## Problem to solve
Give every line of the data again, exactly as it is written.

** Opening Information provided block **

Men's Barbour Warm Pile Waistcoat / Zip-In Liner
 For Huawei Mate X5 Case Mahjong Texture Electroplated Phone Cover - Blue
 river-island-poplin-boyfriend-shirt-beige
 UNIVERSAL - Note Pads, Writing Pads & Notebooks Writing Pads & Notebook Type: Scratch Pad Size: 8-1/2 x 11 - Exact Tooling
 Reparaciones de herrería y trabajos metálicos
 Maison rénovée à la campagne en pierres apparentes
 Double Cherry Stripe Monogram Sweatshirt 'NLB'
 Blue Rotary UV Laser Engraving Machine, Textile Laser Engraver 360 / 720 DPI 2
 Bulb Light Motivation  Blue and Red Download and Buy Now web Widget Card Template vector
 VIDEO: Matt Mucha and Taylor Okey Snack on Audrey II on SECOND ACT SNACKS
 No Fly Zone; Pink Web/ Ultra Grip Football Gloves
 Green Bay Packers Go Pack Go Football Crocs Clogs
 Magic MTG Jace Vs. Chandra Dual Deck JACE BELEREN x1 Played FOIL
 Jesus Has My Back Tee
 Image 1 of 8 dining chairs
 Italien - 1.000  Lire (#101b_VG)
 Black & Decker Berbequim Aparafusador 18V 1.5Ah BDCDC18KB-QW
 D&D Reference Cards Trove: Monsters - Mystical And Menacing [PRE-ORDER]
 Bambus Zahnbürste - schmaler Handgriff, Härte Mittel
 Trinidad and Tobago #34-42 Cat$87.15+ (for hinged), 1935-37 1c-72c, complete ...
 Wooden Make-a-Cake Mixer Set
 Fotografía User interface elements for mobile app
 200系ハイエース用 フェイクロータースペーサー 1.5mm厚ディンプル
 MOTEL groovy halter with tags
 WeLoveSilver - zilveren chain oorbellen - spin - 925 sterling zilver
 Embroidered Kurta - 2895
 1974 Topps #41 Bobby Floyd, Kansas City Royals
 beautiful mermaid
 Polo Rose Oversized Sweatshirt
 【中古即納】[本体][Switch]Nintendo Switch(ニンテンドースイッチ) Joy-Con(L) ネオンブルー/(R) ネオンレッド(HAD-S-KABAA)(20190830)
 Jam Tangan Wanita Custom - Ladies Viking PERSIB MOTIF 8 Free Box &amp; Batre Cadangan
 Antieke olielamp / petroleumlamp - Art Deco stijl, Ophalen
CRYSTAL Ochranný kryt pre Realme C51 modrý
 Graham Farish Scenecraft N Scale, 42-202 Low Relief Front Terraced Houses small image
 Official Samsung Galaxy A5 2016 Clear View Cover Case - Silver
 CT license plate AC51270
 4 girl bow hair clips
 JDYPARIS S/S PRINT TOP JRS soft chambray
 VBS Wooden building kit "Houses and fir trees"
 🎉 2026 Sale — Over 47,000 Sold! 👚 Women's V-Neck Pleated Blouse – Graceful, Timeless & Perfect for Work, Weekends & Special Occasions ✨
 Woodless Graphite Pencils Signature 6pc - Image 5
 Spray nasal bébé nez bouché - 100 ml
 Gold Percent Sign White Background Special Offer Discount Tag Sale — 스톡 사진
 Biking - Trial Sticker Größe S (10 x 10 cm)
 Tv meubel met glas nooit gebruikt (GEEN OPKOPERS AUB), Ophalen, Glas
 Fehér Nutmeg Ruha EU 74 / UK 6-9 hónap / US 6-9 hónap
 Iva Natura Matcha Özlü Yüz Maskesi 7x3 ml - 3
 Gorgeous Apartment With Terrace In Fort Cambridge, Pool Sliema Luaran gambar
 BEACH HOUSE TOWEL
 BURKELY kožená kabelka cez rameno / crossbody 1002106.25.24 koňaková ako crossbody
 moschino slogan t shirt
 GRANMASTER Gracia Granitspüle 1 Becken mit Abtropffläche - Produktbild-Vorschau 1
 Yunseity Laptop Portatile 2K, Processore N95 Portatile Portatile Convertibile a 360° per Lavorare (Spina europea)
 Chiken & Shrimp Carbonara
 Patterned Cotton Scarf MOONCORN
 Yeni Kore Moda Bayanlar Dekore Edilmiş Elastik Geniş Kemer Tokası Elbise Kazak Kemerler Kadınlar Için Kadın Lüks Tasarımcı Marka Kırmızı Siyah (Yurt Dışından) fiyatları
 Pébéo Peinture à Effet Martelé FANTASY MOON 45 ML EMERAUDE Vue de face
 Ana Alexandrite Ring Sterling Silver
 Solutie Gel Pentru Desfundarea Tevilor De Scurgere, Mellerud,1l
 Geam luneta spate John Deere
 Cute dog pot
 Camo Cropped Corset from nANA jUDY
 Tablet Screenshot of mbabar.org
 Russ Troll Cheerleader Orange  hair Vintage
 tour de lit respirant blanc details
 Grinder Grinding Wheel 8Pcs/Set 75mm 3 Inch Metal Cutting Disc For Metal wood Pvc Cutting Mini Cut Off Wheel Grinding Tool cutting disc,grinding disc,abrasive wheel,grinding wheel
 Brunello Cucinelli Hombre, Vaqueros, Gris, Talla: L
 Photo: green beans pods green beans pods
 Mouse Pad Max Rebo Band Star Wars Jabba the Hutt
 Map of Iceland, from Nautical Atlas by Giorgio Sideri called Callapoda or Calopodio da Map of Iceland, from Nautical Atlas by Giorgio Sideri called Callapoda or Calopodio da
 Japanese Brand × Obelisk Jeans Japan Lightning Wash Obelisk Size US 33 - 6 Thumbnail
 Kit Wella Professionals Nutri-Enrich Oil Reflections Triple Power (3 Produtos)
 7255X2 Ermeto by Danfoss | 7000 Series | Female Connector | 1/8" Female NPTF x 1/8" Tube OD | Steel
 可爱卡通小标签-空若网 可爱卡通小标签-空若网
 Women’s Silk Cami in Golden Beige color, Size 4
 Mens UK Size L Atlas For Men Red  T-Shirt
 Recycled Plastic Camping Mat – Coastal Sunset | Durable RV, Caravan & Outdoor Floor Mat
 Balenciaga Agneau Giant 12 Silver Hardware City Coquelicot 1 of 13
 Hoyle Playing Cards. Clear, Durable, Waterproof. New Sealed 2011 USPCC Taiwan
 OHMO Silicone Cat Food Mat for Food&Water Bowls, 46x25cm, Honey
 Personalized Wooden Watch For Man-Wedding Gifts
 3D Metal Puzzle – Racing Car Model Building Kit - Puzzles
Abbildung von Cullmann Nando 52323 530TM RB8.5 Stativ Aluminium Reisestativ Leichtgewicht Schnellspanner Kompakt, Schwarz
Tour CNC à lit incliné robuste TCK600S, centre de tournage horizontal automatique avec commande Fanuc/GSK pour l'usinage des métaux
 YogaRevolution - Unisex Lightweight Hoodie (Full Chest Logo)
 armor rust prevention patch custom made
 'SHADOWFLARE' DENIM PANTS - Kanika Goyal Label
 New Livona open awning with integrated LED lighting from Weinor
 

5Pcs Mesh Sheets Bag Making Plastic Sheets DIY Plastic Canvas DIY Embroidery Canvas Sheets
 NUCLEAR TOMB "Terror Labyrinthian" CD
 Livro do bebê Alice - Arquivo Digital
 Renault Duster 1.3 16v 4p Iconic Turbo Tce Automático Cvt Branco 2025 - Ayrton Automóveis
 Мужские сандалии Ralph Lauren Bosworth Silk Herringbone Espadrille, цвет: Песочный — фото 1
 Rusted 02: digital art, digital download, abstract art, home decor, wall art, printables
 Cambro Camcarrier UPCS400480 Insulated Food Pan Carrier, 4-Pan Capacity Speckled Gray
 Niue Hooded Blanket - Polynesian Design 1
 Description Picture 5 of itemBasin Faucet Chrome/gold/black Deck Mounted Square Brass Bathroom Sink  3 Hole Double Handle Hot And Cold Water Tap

** Closing Information provided block **

## Answer for this exercise
Men's Barbour Warm Pile Waistcoat / Zip-In Liner
 For Huawei Mate X5 Case Mahjong Texture Electroplated Phone Cover - Blue
 river-island-poplin-boyfriend-shirt-beige
 UNIVERSAL - Note Pads, Writing Pads & Notebooks Writing Pads & Notebook Type: Scratch Pad Size: 8-1/2 x 11 - Exact Tooling
 Reparaciones de herrería y trabajos metálicos
 Maison rénovée à la campagne en pierres apparentes
 Double Cherry Stripe Monogram Sweatshirt 'NLB'
 Blue Rotary UV Laser Engraving Machine, Textile Laser Engraver 360 / 720 DPI 2
 Bulb Light Motivation  Blue and Red Download and Buy Now web Widget Card Template vector
 VIDEO: Matt Mucha and Taylor Okey Snack on Audrey II on SECOND ACT SNACKS
 No Fly Zone; Pink Web/ Ultra Grip Football Gloves
 Green Bay Packers Go Pack Go Football Crocs Clogs
 Magic MTG Jace Vs. Chandra Dual Deck JACE BELEREN x1 Played FOIL
 Jesus Has My Back Tee
 Image 1 of 8 dining chairs
 Italien - 1.000  Lire (#101b_VG)
 Black & Decker Berbequim Aparafusador 18V 1.5Ah BDCDC18KB-QW
 D&D Reference Cards Trove: Monsters - Mystical And Menacing [PRE-ORDER]
 Bambus Zahnbürste - schmaler Handgriff, Härte Mittel
 Trinidad and Tobago #34-42 Cat$87.15+ (for hinged), 1935-37 1c-72c, complete ...
 Wooden Make-a-Cake Mixer Set
 Fotografía User interface elements for mobile app
 200系ハイエース用 フェイクロータースペーサー 1.5mm厚ディンプル
 MOTEL groovy halter with tags
 WeLoveSilver - zilveren chain oorbellen - spin - 925 sterling zilver
 Embroidered Kurta - 2895
 1974 Topps #41 Bobby Floyd, Kansas City Royals
 beautiful mermaid
 Polo Rose Oversized Sweatshirt
 【中古即納】[本体][Switch]Nintendo Switch(ニンテンドースイッチ) Joy-Con(L) ネオンブルー/(R) ネオンレッド(HAD-S-KABAA)(20190830)
 Jam Tangan Wanita Custom - Ladies Viking PERSIB MOTIF 8 Free Box &amp; Batre Cadangan
 Antieke olielamp / petroleumlamp - Art Deco stijl, Ophalen
CRYSTAL Ochranný kryt pre Realme C51 modrý
 Graham Farish Scenecraft N Scale, 42-202 Low Relief Front Terraced Houses small image
 Official Samsung Galaxy A5 2016 Clear View Cover Case - Silver
 CT license plate AC51270
 4 girl bow hair clips
 JDYPARIS S/S PRINT TOP JRS soft chambray
 VBS Wooden building kit "Houses and fir trees"
 🎉 2026 Sale — Over 47,000 Sold! 👚 Women's V-Neck Pleated Blouse – Graceful, Timeless & Perfect for Work, Weekends & Special Occasions ✨
 Woodless Graphite Pencils Signature 6pc - Image 5
 Spray nasal bébé nez bouché - 100 ml
 Gold Percent Sign White Background Special Offer Discount Tag Sale — 스톡 사진
 Biking - Trial Sticker Größe S (10 x 10 cm)
 Tv meubel met glas nooit gebruikt (GEEN OPKOPERS AUB), Ophalen, Glas
 Fehér Nutmeg Ruha EU 74 / UK 6-9 hónap / US 6-9 hónap
 Iva Natura Matcha Özlü Yüz Maskesi 7x3 ml - 3
 Gorgeous Apartment With Terrace In Fort Cambridge, Pool Sliema Luaran gambar
 BEACH HOUSE TOWEL
 BURKELY kožená kabelka cez rameno / crossbody 1002106.25.24 koňaková ako crossbody
 moschino slogan t shirt
 GRANMASTER Gracia Granitspüle 1 Becken mit Abtropffläche - Produktbild-Vorschau 1
 Yunseity Laptop Portatile 2K, Processore N95 Portatile Portatile Convertibile a 360° per Lavorare (Spina europea)
 Chiken & Shrimp Carbonara
 Patterned Cotton Scarf MOONCORN
 Yeni Kore Moda Bayanlar Dekore Edilmiş Elastik Geniş Kemer Tokası Elbise Kazak Kemerler Kadınlar Için Kadın Lüks Tasarımcı Marka Kırmızı Siyah (Yurt Dışından) fiyatları
 Pébéo Peinture à Effet Martelé FANTASY MOON 45 ML EMERAUDE Vue de face
 Ana Alexandrite Ring Sterling Silver
 Solutie Gel Pentru Desfundarea Tevilor De Scurgere, Mellerud,1l
 Geam luneta spate John Deere
 Cute dog pot
 Camo Cropped Corset from nANA jUDY
 Tablet Screenshot of mbabar.org
 Russ Troll Cheerleader Orange  hair Vintage
 tour de lit respirant blanc details
 Grinder Grinding Wheel 8Pcs/Set 75mm 3 Inch Metal Cutting Disc For Metal wood Pvc Cutting Mini Cut Off Wheel Grinding Tool cutting disc,grinding disc,abrasive wheel,grinding wheel
 Brunello Cucinelli Hombre, Vaqueros, Gris, Talla: L
 Photo: green beans pods green beans pods
 Mouse Pad Max Rebo Band Star Wars Jabba the Hutt
 Map of Iceland, from Nautical Atlas by Giorgio Sideri called Callapoda or Calopodio da Map of Iceland, from Nautical Atlas by Giorgio Sideri called Callapoda or Calopodio da
 Japanese Brand × Obelisk Jeans Japan Lightning Wash Obelisk Size US 33 - 6 Thumbnail
 Kit Wella Professionals Nutri-Enrich Oil Reflections Triple Power (3 Produtos)
 7255X2 Ermeto by Danfoss | 7000 Series | Female Connector | 1/8" Female NPTF x 1/8" Tube OD | Steel
 可爱卡通小标签-空若网 可爱卡通小标签-空若网
 Women’s Silk Cami in Golden Beige color, Size 4
 Mens UK Size L Atlas For Men Red  T-Shirt
 Recycled Plastic Camping Mat – Coastal Sunset | Durable RV, Caravan & Outdoor Floor Mat
 Balenciaga Agneau Giant 12 Silver Hardware City Coquelicot 1 of 13
 Hoyle Playing Cards. Clear, Durable, Waterproof. New Sealed 2011 USPCC Taiwan
 OHMO Silicone Cat Food Mat for Food&Water Bowls, 46x25cm, Honey
 Personalized Wooden Watch For Man-Wedding Gifts
 3D Metal Puzzle – Racing Car Model Building Kit - Puzzles
Abbildung von Cullmann Nando 52323 530TM RB8.5 Stativ Aluminium Reisestativ Leichtgewicht Schnellspanner Kompakt, Schwarz
Tour CNC à lit incliné robuste TCK600S, centre de tournage horizontal automatique avec commande Fanuc/GSK pour l'usinage des métaux
 YogaRevolution - Unisex Lightweight Hoodie (Full Chest Logo)
 armor rust prevention patch custom made
 'SHADOWFLARE' DENIM PANTS - Kanika Goyal Label
 New Livona open awning with integrated LED lighting from Weinor
 

5Pcs Mesh Sheets Bag Making Plastic Sheets DIY Plastic Canvas DIY Embroidery Canvas Sheets
 NUCLEAR TOMB "Terror Labyrinthian" CD
 Livro do bebê Alice - Arquivo Digital
 Renault Duster 1.3 16v 4p Iconic Turbo Tce Automático Cvt Branco 2025 - Ayrton Automóveis
 Мужские сандалии Ralph Lauren Bosworth Silk Herringbone Espadrille, цвет: Песочный — фото 1
 Rusted 02: digital art, digital download, abstract art, home decor, wall art, printables
 Cambro Camcarrier UPCS400480 Insulated Food Pan Carrier, 4-Pan Capacity Speckled Gray
 Niue Hooded Blanket - Polynesian Design 1
 Description Picture 5 of itemBasin Faucet Chrome/gold/black Deck Mounted Square Brass Bathroom Sink  3 Hole Double Handle Hot And Cold Water Tap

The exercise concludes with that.